## Task item
Your task is to copy the listing exactly. Drop any pictures from the copy.
___ The data
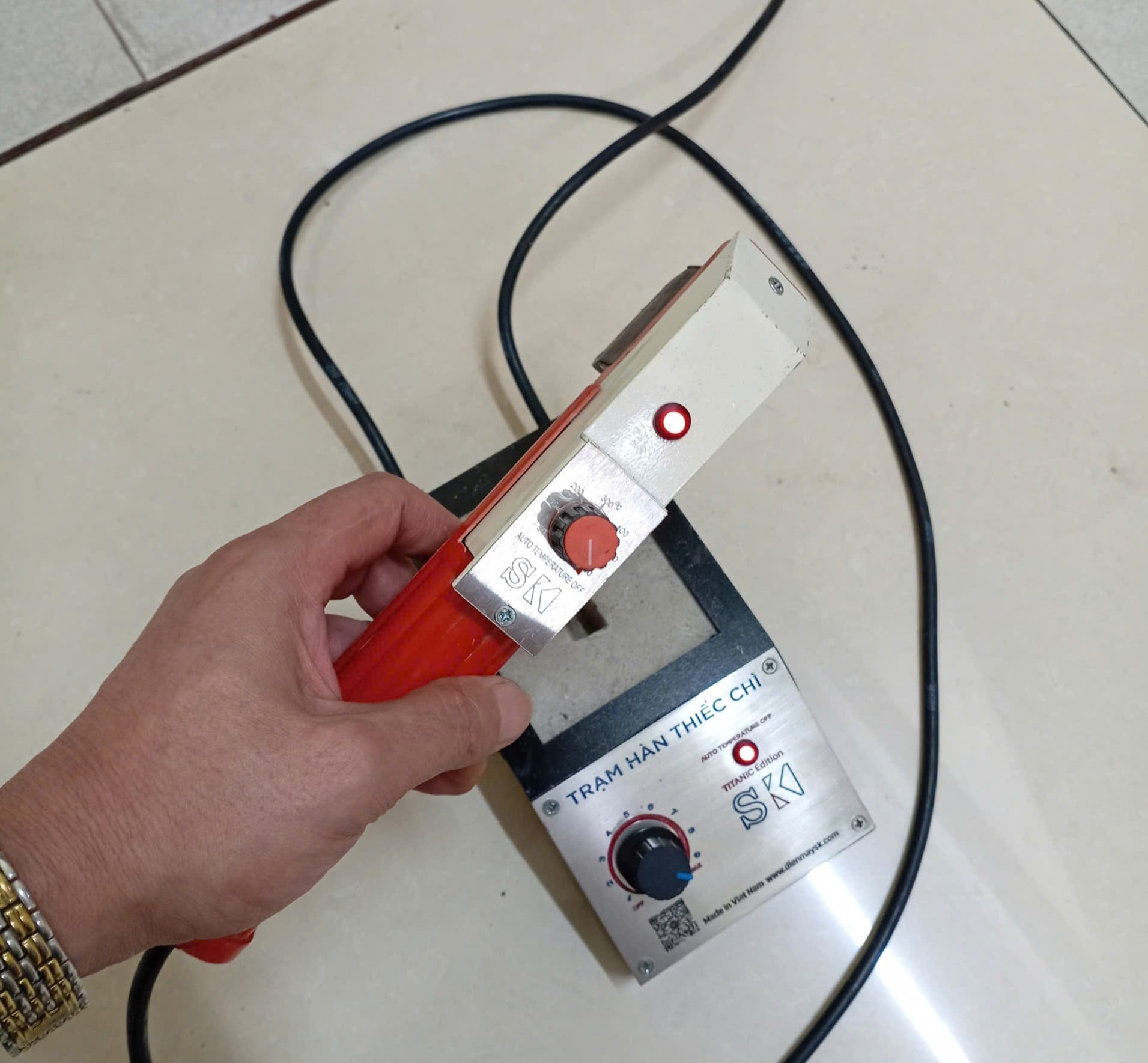 Trạm hàn nung 200W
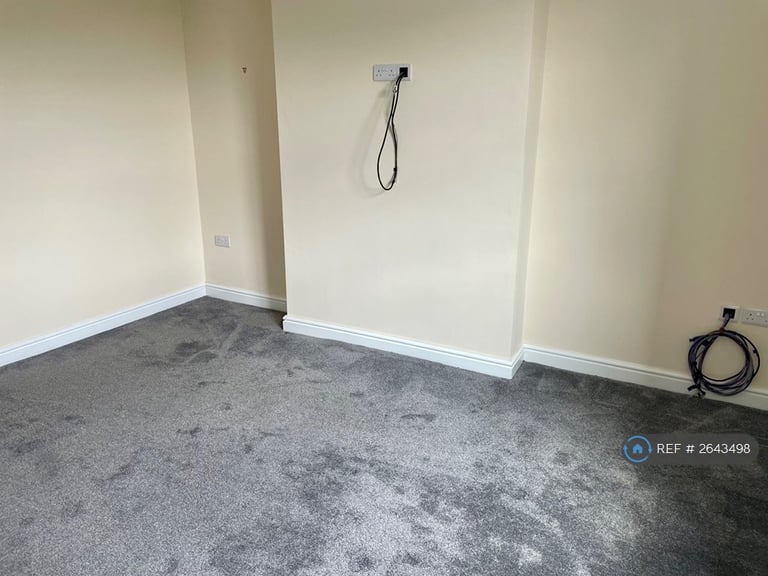 3 bedroom house in Northgate, Heptonstall, Hebden Bridge, HX7 (3 bed) (#2643498)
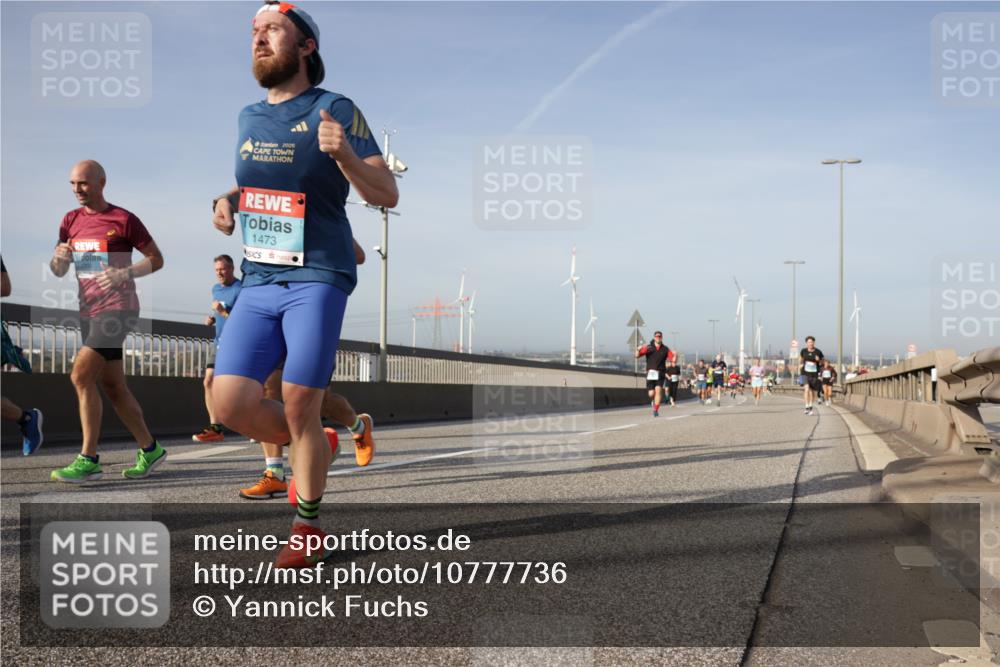 03.10.2026 - Köhlbrandbrückenlauf Yannick Fuchs http://msf.ph/oto/10777736 03.10.2026 09:44:18 Position 2 2026, 1473 meine-sportfotos.de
______
## Exercise result
 Trạm hàn nung 200W
 3 bedroom house in Northgate, Heptonstall, Hebden Bridge, HX7 (3 bed) (#2643498)
 03.10.2026 - Köhlbrandbrückenlauf Yannick Fuchs http://msf.ph/oto/10777736 03.10.2026 09:44:18 Position 2 2026, 1473 meine-sportfotos.de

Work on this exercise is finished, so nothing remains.